Additionally, the combined force of the opposition should be leveraged to preempt effort at curtailing the Constitutional rights of Gambians to freely express themselves; its people, the press, the state institutions, and the opposition political establishment. UDP has created a window of opportunity to demonstrate Gambians’ ability to challenge a regime decidedly bent of criminalizing every aspect of Gambian life, but more important still, the UDP and Hon.

Ousainou Darboe, have a unique opportunity to galvanize Gambians into creating a national movement for change. This is his moment to cast UDP, in conjunction with other opposition parties, as a national movement to combat the impunity that has turned every Gambia into a victim of state overreach. The infectious desire for political change that runs through the length and breadth of the Gambia, can no longer be effectively expressed within the narrow confine of a single political party; rather, the struggle for political liberty has to assume a broader national character moving forward; a national movement that spreads to reach every level and classification in Gambian society, if you will. Gambians have been willing to fight for their own liberation for far too long; what they lacked is reliable and steadfast political leadership.

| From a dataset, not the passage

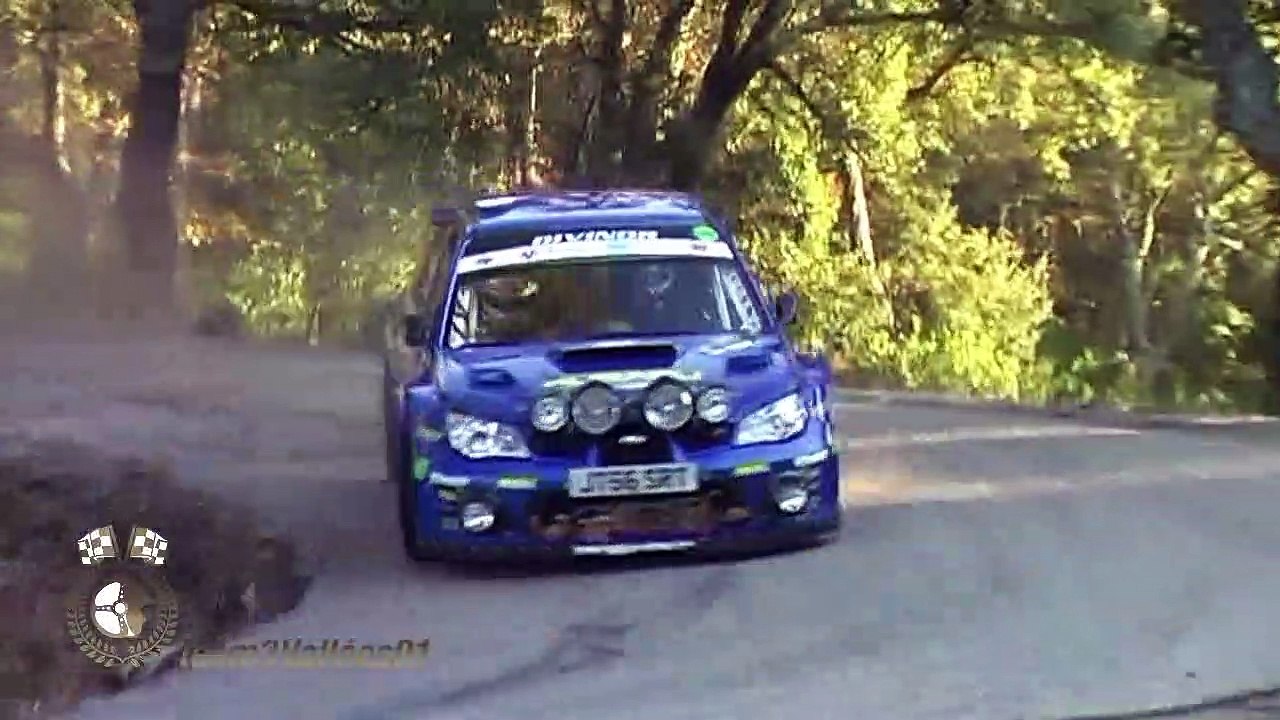Best of rallyes N°43 Subaru Impreza 2011-2019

This time around, hopefully, Hon. Ousainou Darboe will surrender to Gambian’s desire to create a mass movement, and to help lead a nation, in agony, out of political limbo, towards the bright lights of liberty and freedom. Over the many years since 1994, Gambians have made many false starts, but this is an opportunity Gambia cannot allow to fizzle out just like that. We can make change happen, and in this journey, UDP’s Hon Ousainou Darboe, must be given the unreserved support of a nation. For now is the time to turn a moment into a movement. This is our task now, Gambians. Lets do it.